Comparing Formatted Input and Modified List Input
It is important to keep in mind that informats work differently in modified list input than they do in formatted input. So, let's emphasize the point! With formatted input, the informat determines both the length of character variables and the number of columns that are read. The same number of columns are read from each record. For example, the following INPUT statement using formatted input:
input @1 City $12. @15 Pop2000 comma10.;
uses the $12. character informat to tell SAS to set the length of the city variable to 12 as well as to read columns 1 to 12 when reading in these data values:
City | Pop2000 |
---|---|
New York | 8,008,278 |
Los Angeles | 3,694,820 |
Chicago | 2,896,016 |
Huston | 1,953,631 |
Philadelphia | 1,517,550 |
The informat in the modified list input, on the other hand, determines only the length of the modified variable, not the number of columns that are read. Here:
input city & $12. pop2000 : comma.;
the raw data values are read until two consecutive blanks are encountered when reading in these data values suitable for list input:
City | Pop2000 |
---|---|
New York | 8,008,278 |
Los Angeles | 3,694,820 |
Chicago | 2,896,016 |
Huston | 1,953,631 |
Philadelphia | 1,517,550 |
20.5 - Mixing Input Styles
20.5 - Mixing Input StylesOf course, the first thing we always do when trying to read data from a raw data file into a SAS data set is to review the data to determine whether we need to use column, formatted, or list input to read in the data values. There are some situations, however, in which just one input method doesn't do the trick. In those cases, we'll want to consider mixing input styles, that is, using more than one input method simultaneously. Let's take a look at an example!
Example 20.17
The following program illustrates using column input, list input, and formatted input simultaneously to read in data concerning five U.S. national parks:
DATA nationalparks;
input ParkName $ 1-22 State $ Year @40 Acreage comma9.;
DATALINES;
Yellowstone ID/MT/WY 1872 4,065,493
Everglades FL 1934 1,398,800
Yosemite CA 1864 760,917
Great Smoky Mountains NC/TN 1926 520,269
Wolf Trap Farm VA 1966 130;
RUN;
PROC PRINT data = nationalparks;
format acreage comma9.;
RUN;
Obs | ParkName | State | Year | Acreage |
---|---|---|---|---|
1 | Yellowstone | ID/MT/WY | 1872 | 4,065,493 |
2 | Everglades | FL | 1934 | 1,398,800 |
3 | Yosemite | CA | 1864 | 760,917 |
4 | Great Smoky Mountains | NC/TN | 1926 | 520,269 |
5 | Wolf Trap Farm | VA | 1966 | 130 |
Reviewing the data, you can see that:
- Column input is an appropriate method for the first field (ParkName) because the values can be read as standard character values and are arranged in a neatly defined column.
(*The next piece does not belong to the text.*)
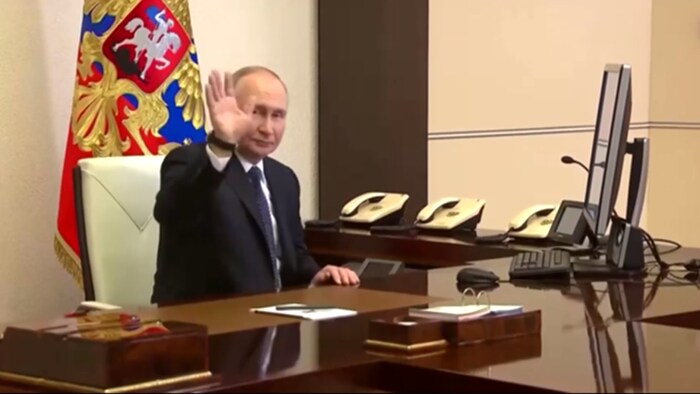 Vladimir Poutine envoie la main dans un bureau.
- The next two fields are candidates for list input, as they are separated by a single blank while the first (State) contains standard character values and the second (Year) contains standard numeric values.
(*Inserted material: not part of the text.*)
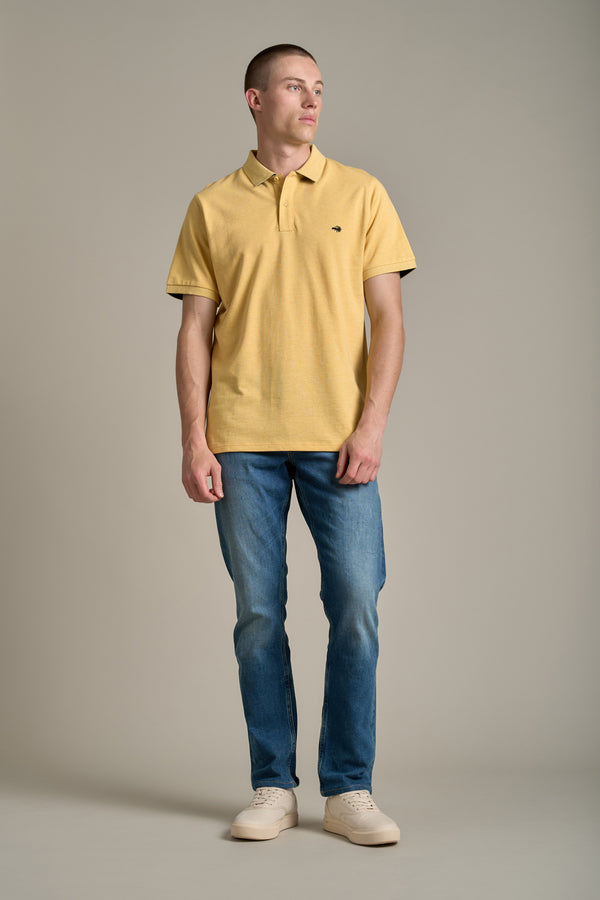 A man stands before a plain background wearing a yellow Regent Pique Polo by Barkers, blue jeans, and beige sneakers. He looks slightly to his left with his arms relaxed at his sides.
- The values in the last field (Acreage) are arranged in a neatly defined column, but the values require an informat. Therefore, formatted input is an appropriate method.
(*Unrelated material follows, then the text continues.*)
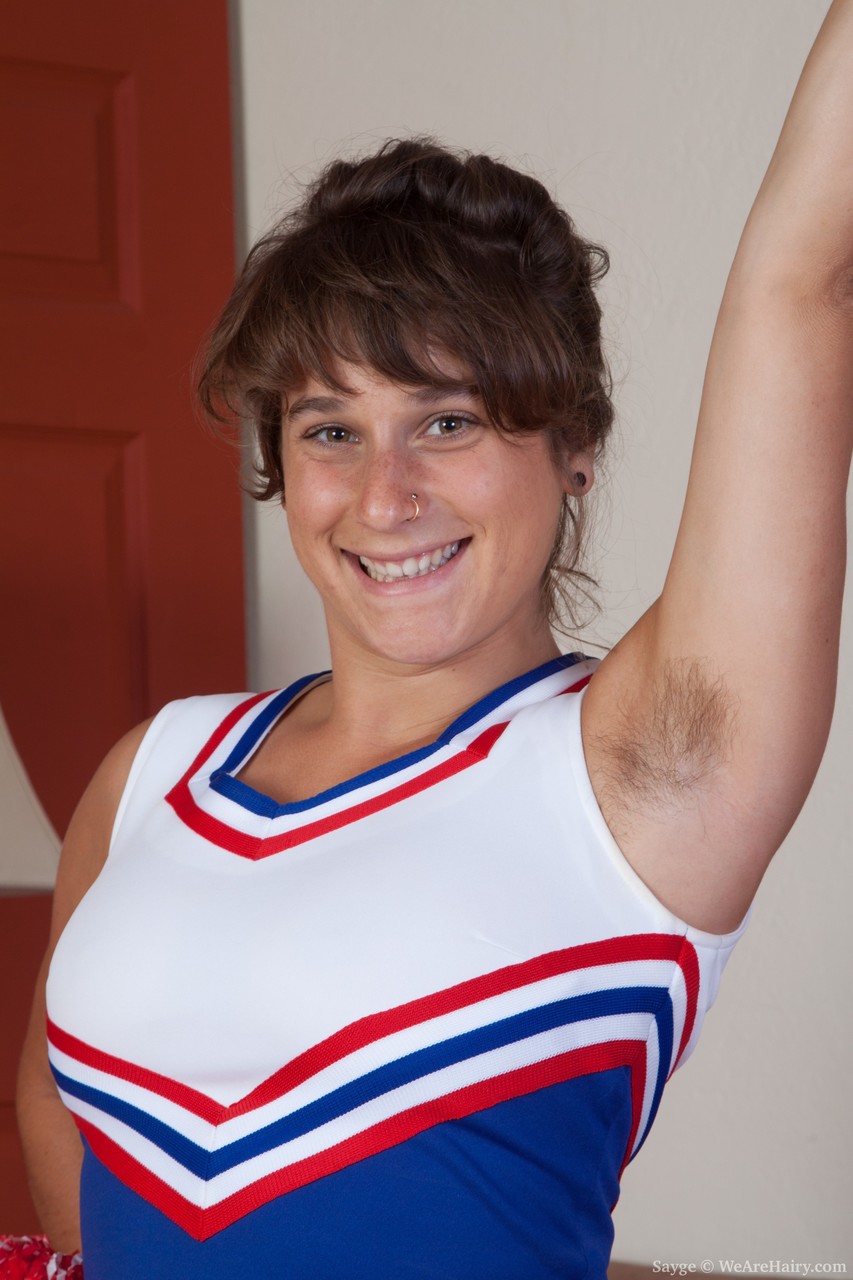 Nasty cheerleader Sayge poses in the bedroom and shows her muff porn photo #422792038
As you can see by the INPUT statement, mixing the input styles is easily achieved by simply using the different methods within the same INPUT statement. Launch and run the SAS program, and review the output to convince yourself that SAS read in the data properly.
20.6 - Summary
20.6 - SummaryIn this lesson, we extended our knowledge of how to read data from various types of data files into SAS data sets.
The homework for this lesson will give you more practice with these techniques so that you become even more familiar with how they work and can use them in your own SAS programming.